It was that B I T C H louise.

----------


## shelz1990

louise doesn't have it either!! it's a fake spoiler!

----------


## gbnut

> louise doesn't have it either!! it's a fake spoiler!



i agree

----------


## Abbie

i agree becuse lisa would no as she has been checked before for STI's and like you said if lousies doesnt have it then its fake

----------


## Ads230

someone started this on the hollyoaks spoilers board on the official site.obviously the person in charge of the Hollyoaks tv tome bit has picked it up off there and beleived it. I know for a fact that this is a fake storyline because the person who started it later addmitted he made it up.

----------


## Jade

> i agree becuse lisa would no as she has been checked before for STI's and like you said if lousies doesnt have it then its fake


They dont give you an AIDS test though, unless you request it.

----------


## di marco

> someone started this on the hollyoaks spoilers board on the official site.obviously the person in charge of the Hollyoaks tv tome bit has picked it up off there and beleived it. I know for a fact that this is a fake storyline because the person who started it later addmitted he made it up.

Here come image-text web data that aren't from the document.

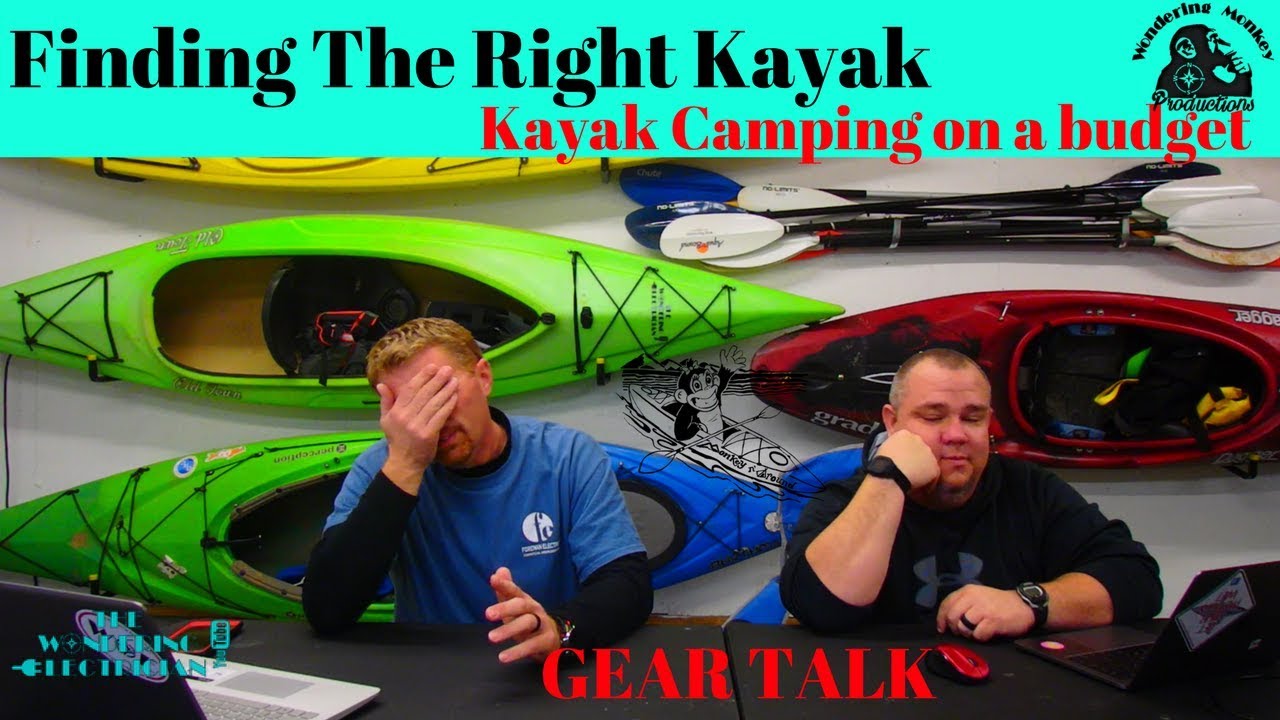 Kayak Camping On A Budget  How To Determine Which Kayak To Take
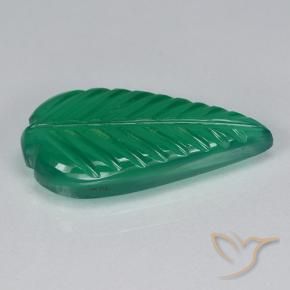 Ágata verde quente Natural 3.51ct, Chique, Translúcido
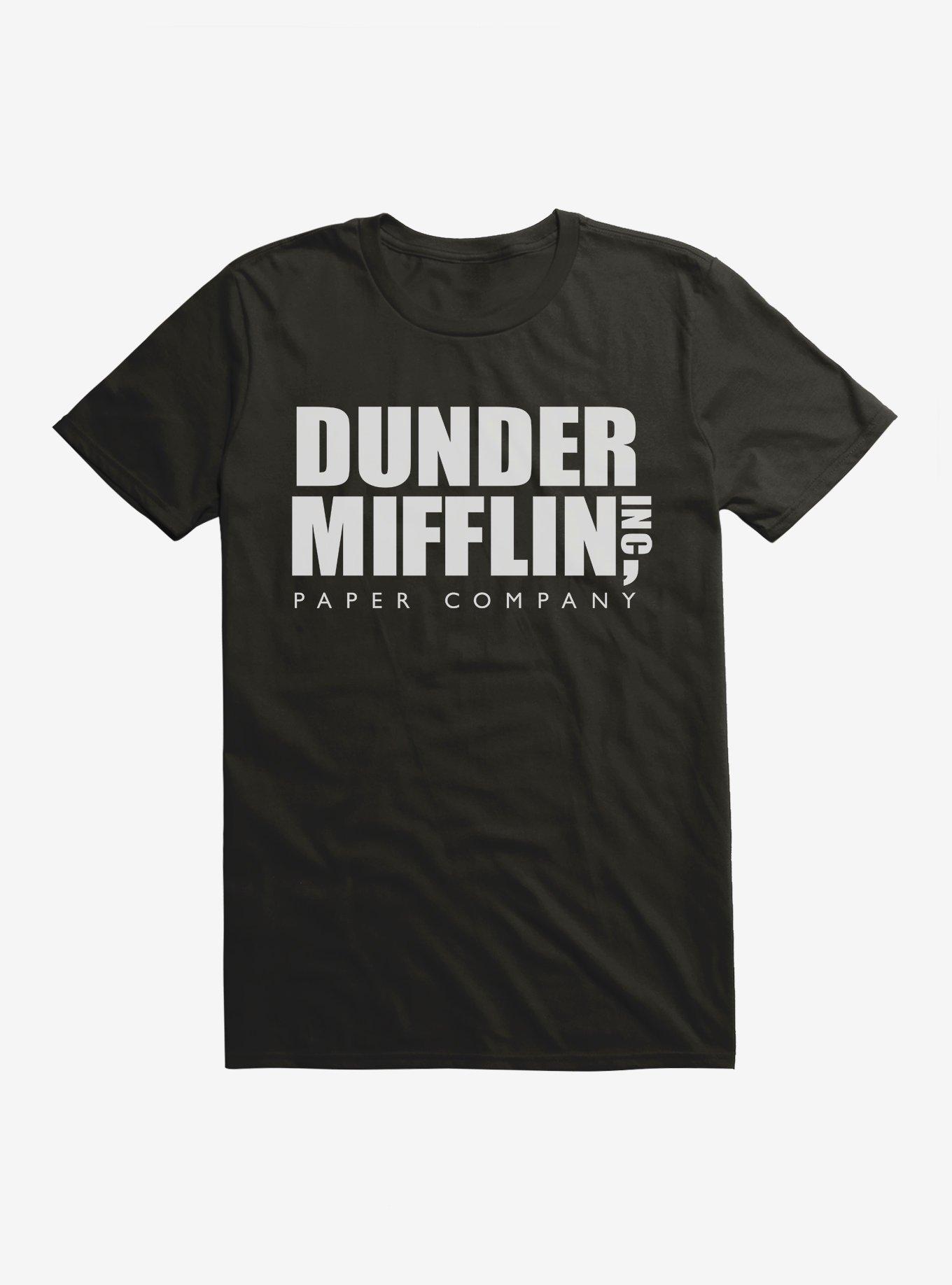 The Office Dunder Mifflin Logo T-Shirt, BLACK, hi-res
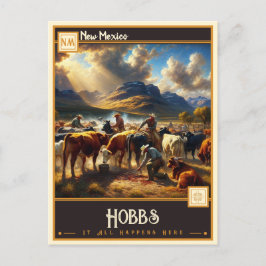 Postal Hobbs, Nuevo México | Vintage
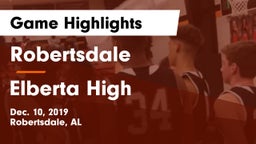 Robertsdale  vs Elberta High  Game Highlights - Dec. 10, 2019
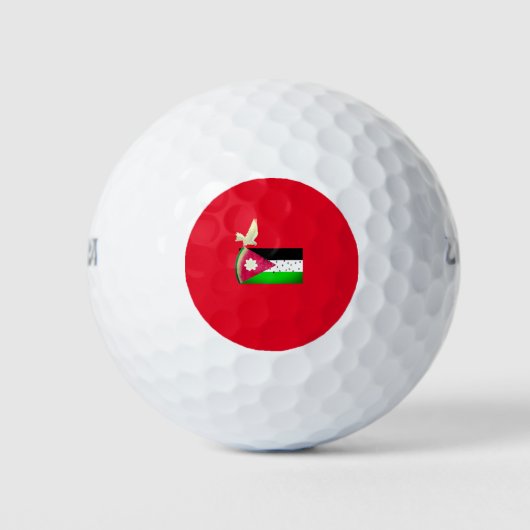 Balles De Golf Palestine Soutien à la conception de pastèque (Devant)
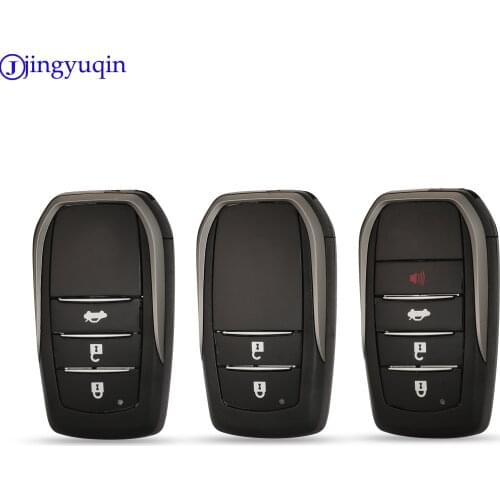 Jingyuqin 2/3/4 Buttons Remote Car Key Shell Cover Case For Toyota Chr C-hr Land Cruiser 200 Avensis Auris Corolla Smart Key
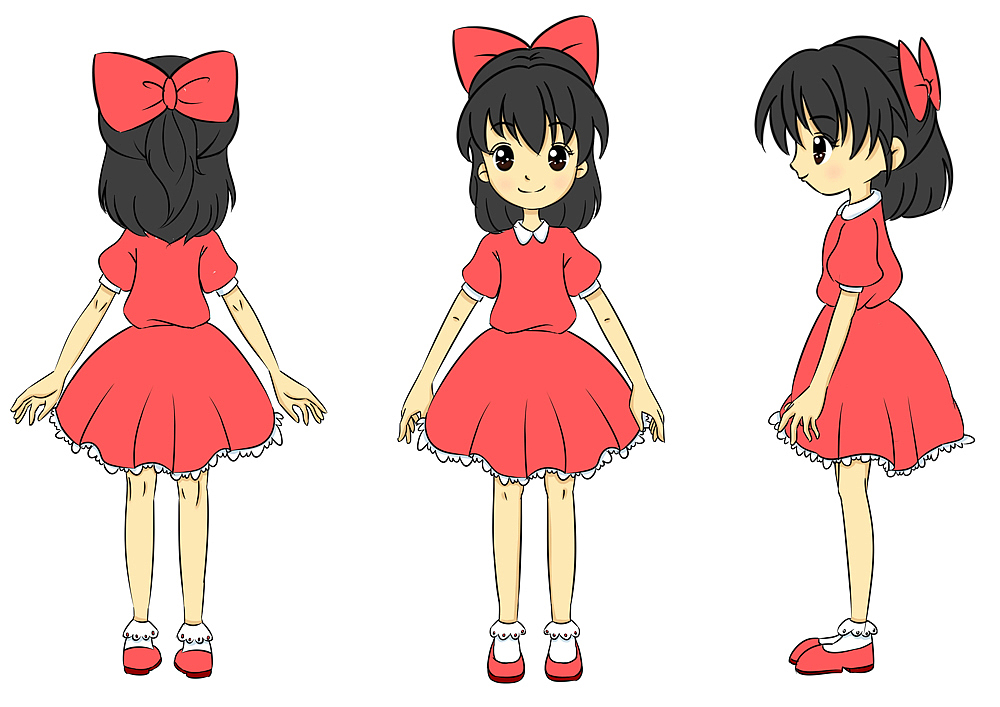 卡通人物设计-人物三视图_韩偌熙-站酷zcool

thank god its a fake spoiler! i was getting worried there that ben was gonna die!

----------


## shelz1990

yipeee...if ben died..omg, he's too buff! and only 22!!!

----------


## Abbie

yay its fake but i cant beilve somone started a fake spolier

----------


## gbnut

so mod can this thread be stopped since it is a fake

----------


## Potato1992

impossible

----------


## willow

thats a really horrible thing to do, and not funny at all!!

----------


## emma_strange

did thise ever happen?

----------


## Dr. Tangliss

Nope, it's a fake spolier by the looks of it.

----------


## xxloopylauraxx

of coruse its a fake spolier hes leaving soon & theres a spin off show about him!!!!!

----------


## Dr. Tangliss

Ok, calm down, lol  :Smile:

----------


## xxloopylauraxx

lol  :Smile:

----------


## barbarellab

Hey I hear he and his lady love Lisa have a new show coming up so I don't think the rumour mill can be right about the HIV story line stay posted!

----------